The efficacy of chemotherapy in the treatment of high grade glial neoplasms has been generally disappointing. Approximately 17,000 primary brain tumors are diagnosed every year in the US, and of those, about 60% are gliomas. The median survival rate is less than a year from diagnosis, and this rate has remained relatively constant over the past 25 years [4]. Over the last 10 years, only two chemotherapeutic agents, carmustine (1,3-bis(2-chloroethyl)-1-nitrosourea, BCNU implant) and temozolomide (TMZ), an imidazotetrazine derivative of dacarbazine, have received regulatory approval for treating malignant gliomas [5]. High doses of BCNU are visceral toxic and cause extensive myelosuppression [6]. Clearly, new therapies are required, though the basis for their development still lies in building on the technical strengths of current ones. Phytochemicals, or phytonutrients, are naturally occurring chemical compounds in plants that are known to be beneficial to human health, and as such, the examination of potential botanical therapies has become a new frontier for research into cancer treatment [7]. γ-Mangostin, a tetraoxygenated diprenylated xanthone derivative, is one such phytochemical molecule (Figure 1).

Figure 1

Structure of γ-mangostin.

For this study, over 100 kinds of natural polyphenols were isolated from Taiwanese folk medicines and examined in regard to both high grade U87 MG and GBM 8401 brain tumor cells with γ-mangostin being identified as one of the strongest antiproliferative compounds. In a previous study comparing α- and γ-mangostin, we had detected anti-inflammatory activity but no inhibitory ability [8]. This study was designed to determine γ-mangostin’s antioxidative and antiproliferative status, and the mechanism of the cytotoxic effect it exerts. The γ-mangostin was extracted from the pericarp of Garcinia mangostana (family Guttiferae). While malignant glioblastomas also represent the most common type of primary brain tumor in adults, given the dearth of efficient therapeutic treatments for these highly malignant gliomas, Chinese traditional medicines and ethnobotany are increasingly being identified by researchers as promising bioresources for developing anti-brain tumor agents, while many traditional Chinese medicines are already being used by local cancer patients in Taiwan. Recently, two papers reported on the development of brain-tumor drugs from natural sources, they are danggui and triptolide [9,10]. In our study, the human MG cell lines of an astrocytoma glioblastoma, grade III-U87 MG, and glioblastoma multiforme, grade IV-GBM 8410 were used as target cells.

2. Results and Discussion

2.1. Antiproliferation of γ-mangostin in U87 MG and GBM 8401 glioma cells

U87 MG (astrocytoma glioblastoma, grade III) and GBM 8401 (glastomaliob multiforme, grade IV) were used to measure the rates of cell proliferation and cell death in models of both human MG cell lines. An apparent antiproliferative ability of γ-mangostin on human U87 MG and GBM 8401 cells was exhibited after drug treatment for 24 hours by an MTT assay (Table 1).

Table 1

Cytotoxicity of γ-mangostin in human glioblastoma cells. Cells treated with different doses of γ-mangostin for 24 hours. Cytotoxicity determined by MTT assay (method described in Experimental).

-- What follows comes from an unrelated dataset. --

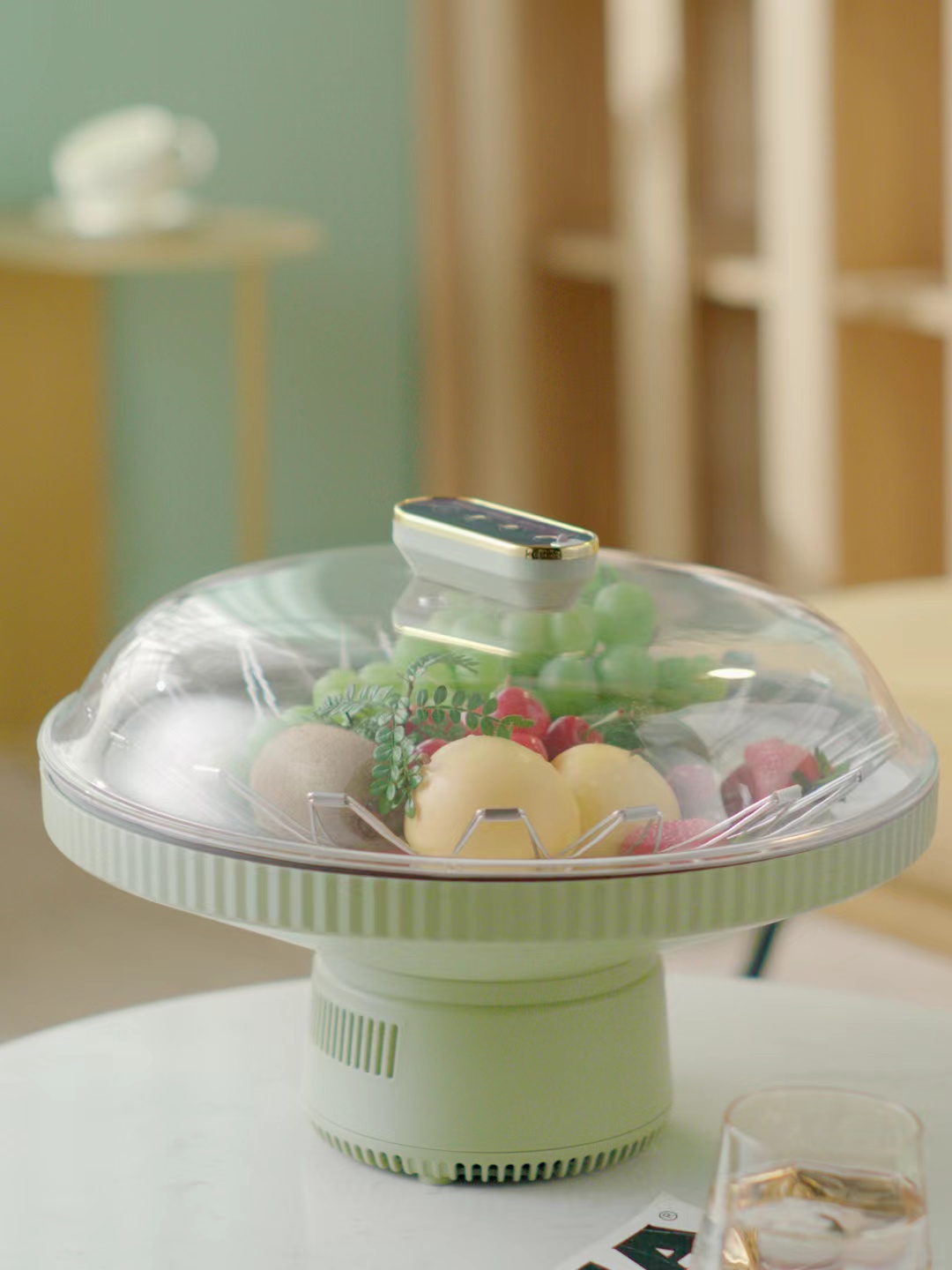 Fresh-keeping tray，Vacuum preservation，refrigeration，heating，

Drug (μM)	Cytotoxicity (%)
	U87 MG	GBM 8401
γ-mangostin
10	0.00 ± 9.01	0.00 ± 0.00
20	0.00 ± 4.79	11.97 ± 3.12
40	3.64 ± 5.28	22.79 ± 6.20
80	55.76 ± 7.38	65.58 ± 0.43
100	89.18 ± 3.79	76.18 ± 7.14
200	98.83 ± 0.27	99.34 ± 0.13
BCNUa
934	71.47 ± 5.49	92.30 ± 2.50

a BCNU, carmustine, [1,3-bis(2-chloroethyl)-1-nitrosourea]. It is a brain tumor chemotherapy agent which is a positive control on both U87 MG and GBM 8401 cell lines for 24 hours treatment, respectively. Each concentration repeated three times (mean ± SD).

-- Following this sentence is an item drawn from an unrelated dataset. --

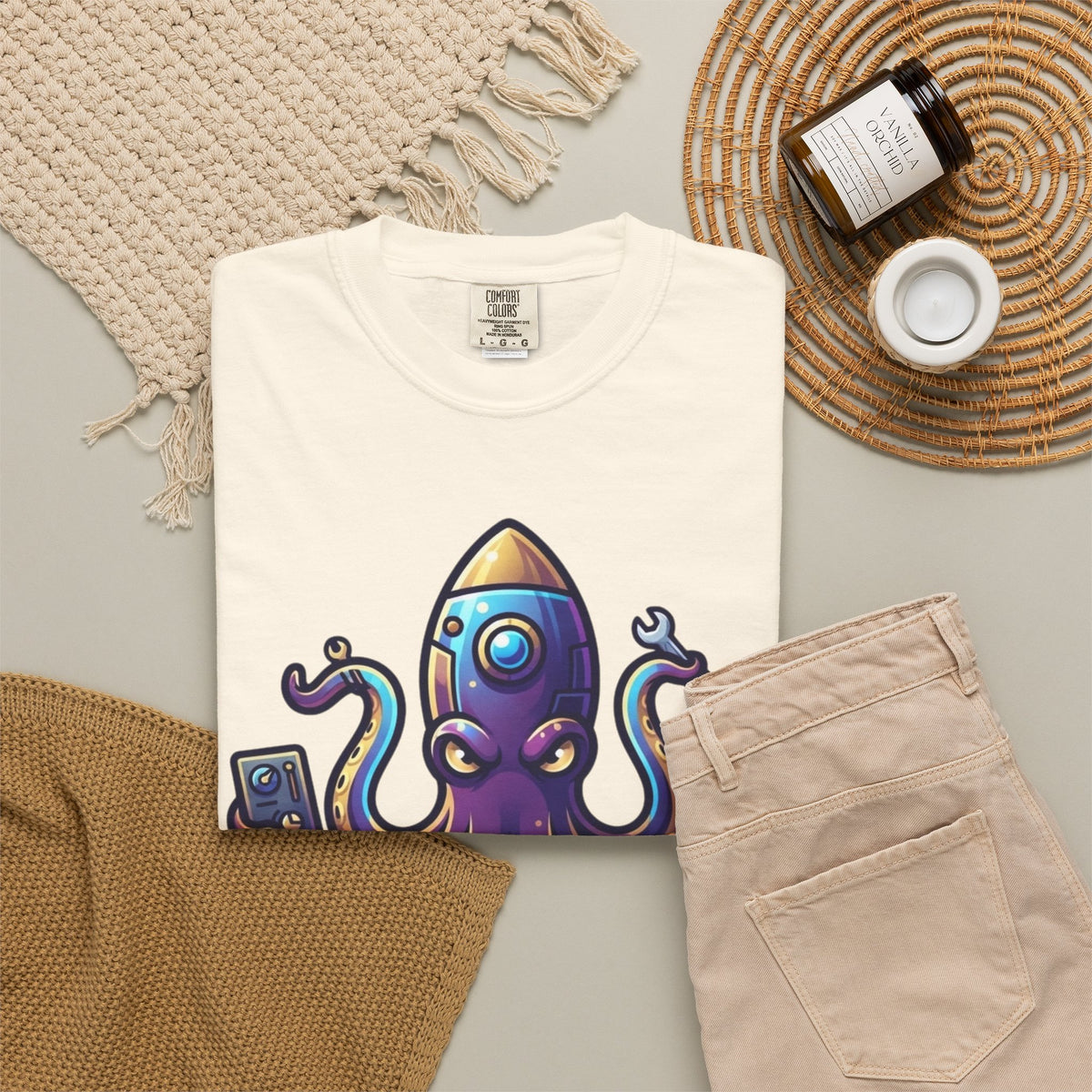"Octo Credible" Unisex Garment-Dyed Tee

The γ-mangostin reduced the viability of both U87 MG and GBM 8401 cells in a dose-dependent manner. Within 24 hours, a significant, rapid decrease of more than fifty percent of viable U87 MG and GBM 8401 cells was recorded with IC50 doses of γ-mangostin (Table 2). The IC50 values of γ-mangostin were 74.14 ± 2.93 and 64.67 ± 2.42 μM; a 5 ~ 8 fold superiority to that of the control drug, carmustine (BCNU), whose IC50 values were 632.1 and 346.6 μM in U87 MG and GBM 8401 cells, respectively. The γ-mangostin inhibited the cell proliferation in dose- and time-dependent modes for both cell types.

Table 2

The time dependent cytotoxicity of γ-mangostin in human glioblastoma cells. Brain cancer cells treated for different times (24, 48 and 72 hours) with IC50 concentration γ-mangostin. Cell cytotoxicity was analyzed by MTT assay.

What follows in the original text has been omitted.